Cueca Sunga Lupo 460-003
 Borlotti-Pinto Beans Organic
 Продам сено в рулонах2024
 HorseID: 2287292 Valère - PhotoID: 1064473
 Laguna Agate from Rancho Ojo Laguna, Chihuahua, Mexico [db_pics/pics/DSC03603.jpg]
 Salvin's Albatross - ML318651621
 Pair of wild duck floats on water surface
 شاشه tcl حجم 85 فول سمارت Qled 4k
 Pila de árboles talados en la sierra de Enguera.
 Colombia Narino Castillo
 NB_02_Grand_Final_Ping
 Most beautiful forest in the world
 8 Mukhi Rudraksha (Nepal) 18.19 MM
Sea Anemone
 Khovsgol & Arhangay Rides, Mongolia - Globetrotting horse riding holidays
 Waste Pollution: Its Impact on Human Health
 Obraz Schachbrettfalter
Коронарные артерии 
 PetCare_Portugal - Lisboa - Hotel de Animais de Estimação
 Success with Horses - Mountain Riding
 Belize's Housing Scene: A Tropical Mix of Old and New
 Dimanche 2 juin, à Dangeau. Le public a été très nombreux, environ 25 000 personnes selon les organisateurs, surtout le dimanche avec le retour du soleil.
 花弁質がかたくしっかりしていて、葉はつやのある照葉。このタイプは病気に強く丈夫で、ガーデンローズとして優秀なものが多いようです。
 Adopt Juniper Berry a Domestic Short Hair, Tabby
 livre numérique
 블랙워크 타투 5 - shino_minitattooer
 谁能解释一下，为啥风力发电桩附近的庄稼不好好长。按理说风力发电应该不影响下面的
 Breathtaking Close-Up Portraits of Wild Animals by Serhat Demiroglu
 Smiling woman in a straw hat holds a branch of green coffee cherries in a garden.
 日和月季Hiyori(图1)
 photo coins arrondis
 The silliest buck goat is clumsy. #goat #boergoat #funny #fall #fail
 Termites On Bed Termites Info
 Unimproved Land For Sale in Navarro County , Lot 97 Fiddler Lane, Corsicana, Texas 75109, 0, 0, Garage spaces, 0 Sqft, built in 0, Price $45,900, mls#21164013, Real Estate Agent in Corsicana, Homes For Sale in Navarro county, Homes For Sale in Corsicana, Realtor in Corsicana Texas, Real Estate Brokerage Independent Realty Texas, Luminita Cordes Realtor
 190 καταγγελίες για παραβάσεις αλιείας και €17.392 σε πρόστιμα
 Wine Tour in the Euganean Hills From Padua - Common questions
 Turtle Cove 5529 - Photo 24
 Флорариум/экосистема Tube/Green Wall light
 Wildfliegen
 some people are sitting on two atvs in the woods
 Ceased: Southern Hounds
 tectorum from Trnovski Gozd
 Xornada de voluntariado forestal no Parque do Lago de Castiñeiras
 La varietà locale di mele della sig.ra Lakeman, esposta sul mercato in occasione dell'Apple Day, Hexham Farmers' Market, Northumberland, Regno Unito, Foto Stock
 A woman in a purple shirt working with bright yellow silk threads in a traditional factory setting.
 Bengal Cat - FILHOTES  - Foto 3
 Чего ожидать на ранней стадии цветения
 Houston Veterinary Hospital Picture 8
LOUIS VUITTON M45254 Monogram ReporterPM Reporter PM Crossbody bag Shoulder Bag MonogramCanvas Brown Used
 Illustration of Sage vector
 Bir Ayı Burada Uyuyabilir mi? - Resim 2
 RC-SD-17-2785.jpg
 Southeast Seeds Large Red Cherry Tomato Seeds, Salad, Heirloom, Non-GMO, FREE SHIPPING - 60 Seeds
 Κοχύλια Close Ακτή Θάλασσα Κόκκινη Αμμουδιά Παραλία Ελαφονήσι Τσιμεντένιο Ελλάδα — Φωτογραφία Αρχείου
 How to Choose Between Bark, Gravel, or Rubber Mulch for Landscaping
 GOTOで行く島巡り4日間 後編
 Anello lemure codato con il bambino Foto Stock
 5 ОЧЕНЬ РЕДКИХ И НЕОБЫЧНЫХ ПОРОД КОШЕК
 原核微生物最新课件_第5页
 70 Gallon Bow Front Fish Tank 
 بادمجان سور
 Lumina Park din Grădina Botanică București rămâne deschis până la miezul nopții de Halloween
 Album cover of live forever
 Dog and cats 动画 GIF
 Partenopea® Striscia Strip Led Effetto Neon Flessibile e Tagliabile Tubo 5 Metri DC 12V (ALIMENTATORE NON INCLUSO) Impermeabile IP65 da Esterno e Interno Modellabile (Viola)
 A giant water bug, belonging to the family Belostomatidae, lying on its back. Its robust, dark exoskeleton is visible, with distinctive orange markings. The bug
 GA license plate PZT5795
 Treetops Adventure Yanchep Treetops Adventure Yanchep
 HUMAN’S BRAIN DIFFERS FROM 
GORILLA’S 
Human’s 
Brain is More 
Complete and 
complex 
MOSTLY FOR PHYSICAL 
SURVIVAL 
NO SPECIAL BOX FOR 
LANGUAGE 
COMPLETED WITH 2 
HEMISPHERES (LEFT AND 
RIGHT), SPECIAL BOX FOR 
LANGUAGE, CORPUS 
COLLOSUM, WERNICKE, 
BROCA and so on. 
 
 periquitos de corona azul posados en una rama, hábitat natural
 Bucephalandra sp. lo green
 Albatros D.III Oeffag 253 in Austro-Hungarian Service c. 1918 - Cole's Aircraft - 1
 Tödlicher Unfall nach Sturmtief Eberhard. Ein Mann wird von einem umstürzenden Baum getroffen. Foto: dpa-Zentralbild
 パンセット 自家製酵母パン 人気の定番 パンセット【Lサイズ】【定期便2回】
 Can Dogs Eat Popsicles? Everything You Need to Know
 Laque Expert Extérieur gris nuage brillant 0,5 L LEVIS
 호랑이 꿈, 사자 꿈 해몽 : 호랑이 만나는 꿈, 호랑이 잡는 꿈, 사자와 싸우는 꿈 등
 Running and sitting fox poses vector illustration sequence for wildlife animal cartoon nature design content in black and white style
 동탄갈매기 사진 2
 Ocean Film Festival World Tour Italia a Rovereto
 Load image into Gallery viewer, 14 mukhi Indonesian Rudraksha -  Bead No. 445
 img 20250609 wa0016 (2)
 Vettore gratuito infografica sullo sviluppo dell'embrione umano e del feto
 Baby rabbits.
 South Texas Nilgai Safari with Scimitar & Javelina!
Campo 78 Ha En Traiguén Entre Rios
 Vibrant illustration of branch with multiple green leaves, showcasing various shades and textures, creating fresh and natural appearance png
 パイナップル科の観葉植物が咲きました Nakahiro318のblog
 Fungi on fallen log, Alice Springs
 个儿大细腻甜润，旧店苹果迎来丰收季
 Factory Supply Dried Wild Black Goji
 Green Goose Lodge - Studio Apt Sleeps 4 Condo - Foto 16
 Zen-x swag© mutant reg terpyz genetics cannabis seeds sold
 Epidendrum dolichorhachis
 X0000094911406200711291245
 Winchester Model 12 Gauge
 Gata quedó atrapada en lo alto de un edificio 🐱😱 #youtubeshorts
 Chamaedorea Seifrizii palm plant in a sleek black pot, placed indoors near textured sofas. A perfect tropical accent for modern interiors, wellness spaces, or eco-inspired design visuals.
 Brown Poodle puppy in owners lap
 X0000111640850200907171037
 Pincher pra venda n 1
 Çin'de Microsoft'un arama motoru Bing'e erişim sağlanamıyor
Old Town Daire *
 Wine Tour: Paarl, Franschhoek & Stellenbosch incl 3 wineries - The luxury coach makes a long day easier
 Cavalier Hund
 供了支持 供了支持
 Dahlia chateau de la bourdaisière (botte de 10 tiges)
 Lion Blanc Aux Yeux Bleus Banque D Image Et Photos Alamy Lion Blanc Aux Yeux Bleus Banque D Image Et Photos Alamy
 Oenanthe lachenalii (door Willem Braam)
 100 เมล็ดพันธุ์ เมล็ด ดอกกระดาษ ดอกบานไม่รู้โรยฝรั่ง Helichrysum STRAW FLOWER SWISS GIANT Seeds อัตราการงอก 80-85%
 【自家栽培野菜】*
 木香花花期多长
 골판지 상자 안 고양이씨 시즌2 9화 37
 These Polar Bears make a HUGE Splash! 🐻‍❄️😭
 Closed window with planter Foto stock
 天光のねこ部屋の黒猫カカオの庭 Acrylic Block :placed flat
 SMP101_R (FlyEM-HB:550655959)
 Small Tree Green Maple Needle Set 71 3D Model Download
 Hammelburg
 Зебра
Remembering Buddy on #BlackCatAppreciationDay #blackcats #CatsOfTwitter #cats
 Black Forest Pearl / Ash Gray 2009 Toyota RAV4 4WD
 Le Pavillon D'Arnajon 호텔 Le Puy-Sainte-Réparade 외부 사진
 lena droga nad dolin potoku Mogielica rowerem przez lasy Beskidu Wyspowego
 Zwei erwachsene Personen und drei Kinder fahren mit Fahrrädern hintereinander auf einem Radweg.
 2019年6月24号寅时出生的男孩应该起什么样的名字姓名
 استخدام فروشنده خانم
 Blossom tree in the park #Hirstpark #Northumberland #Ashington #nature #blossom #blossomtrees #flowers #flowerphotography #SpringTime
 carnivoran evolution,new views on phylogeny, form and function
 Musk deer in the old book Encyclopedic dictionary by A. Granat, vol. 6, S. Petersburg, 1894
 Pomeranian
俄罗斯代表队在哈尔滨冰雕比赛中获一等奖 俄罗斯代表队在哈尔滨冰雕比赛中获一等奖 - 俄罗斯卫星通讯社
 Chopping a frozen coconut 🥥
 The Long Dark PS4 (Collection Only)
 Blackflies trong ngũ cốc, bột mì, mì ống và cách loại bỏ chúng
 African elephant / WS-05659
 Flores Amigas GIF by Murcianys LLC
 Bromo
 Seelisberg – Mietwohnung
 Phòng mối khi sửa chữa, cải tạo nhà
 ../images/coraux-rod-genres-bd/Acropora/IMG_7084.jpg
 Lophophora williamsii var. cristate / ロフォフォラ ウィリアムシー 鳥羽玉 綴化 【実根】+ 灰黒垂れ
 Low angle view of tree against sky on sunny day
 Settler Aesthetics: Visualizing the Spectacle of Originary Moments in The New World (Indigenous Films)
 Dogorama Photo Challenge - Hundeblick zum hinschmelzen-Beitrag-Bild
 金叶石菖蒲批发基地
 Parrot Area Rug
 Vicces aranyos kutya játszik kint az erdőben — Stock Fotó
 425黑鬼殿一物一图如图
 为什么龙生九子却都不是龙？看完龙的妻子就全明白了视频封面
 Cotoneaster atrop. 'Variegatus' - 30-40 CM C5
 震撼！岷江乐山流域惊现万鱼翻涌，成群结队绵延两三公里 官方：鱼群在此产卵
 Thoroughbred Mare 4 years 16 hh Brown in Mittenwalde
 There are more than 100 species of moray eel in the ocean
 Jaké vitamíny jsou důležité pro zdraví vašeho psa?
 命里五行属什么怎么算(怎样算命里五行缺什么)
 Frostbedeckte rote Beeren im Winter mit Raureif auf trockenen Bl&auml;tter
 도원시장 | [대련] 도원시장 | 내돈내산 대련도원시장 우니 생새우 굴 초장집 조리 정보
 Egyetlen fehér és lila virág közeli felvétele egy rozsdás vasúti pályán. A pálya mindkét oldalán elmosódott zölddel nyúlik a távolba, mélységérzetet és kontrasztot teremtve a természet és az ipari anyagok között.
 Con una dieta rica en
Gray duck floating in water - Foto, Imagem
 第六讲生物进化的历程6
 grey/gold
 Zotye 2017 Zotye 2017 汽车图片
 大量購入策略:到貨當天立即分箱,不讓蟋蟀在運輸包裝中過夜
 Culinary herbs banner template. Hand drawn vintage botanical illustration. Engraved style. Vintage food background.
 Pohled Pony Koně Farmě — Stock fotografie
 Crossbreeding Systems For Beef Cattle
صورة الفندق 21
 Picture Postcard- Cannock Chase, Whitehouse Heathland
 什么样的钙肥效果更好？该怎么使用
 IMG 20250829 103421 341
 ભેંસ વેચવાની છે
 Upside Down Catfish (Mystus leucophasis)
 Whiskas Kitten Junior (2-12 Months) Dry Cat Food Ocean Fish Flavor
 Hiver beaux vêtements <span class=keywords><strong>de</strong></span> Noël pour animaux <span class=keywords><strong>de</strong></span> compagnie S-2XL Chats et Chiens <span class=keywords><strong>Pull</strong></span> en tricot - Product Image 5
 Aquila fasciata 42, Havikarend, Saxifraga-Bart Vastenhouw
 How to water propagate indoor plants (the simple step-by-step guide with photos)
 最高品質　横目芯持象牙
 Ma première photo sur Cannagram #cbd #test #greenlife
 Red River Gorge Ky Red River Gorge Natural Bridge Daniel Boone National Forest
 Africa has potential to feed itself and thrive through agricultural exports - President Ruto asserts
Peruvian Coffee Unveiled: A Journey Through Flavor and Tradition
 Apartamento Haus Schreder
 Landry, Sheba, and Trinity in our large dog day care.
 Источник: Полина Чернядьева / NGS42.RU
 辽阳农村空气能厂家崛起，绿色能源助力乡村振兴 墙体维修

—————

* _Work instruction_: Search the entries for the word "branch" and pick out every line that holds it.

* _Solved exercise_:
 Smiling woman in a straw hat holds a branch of green coffee cherries in a garden.
 Vibrant illustration of branch with multiple green leaves, showcasing various shades and textures, creating fresh and natural appearance png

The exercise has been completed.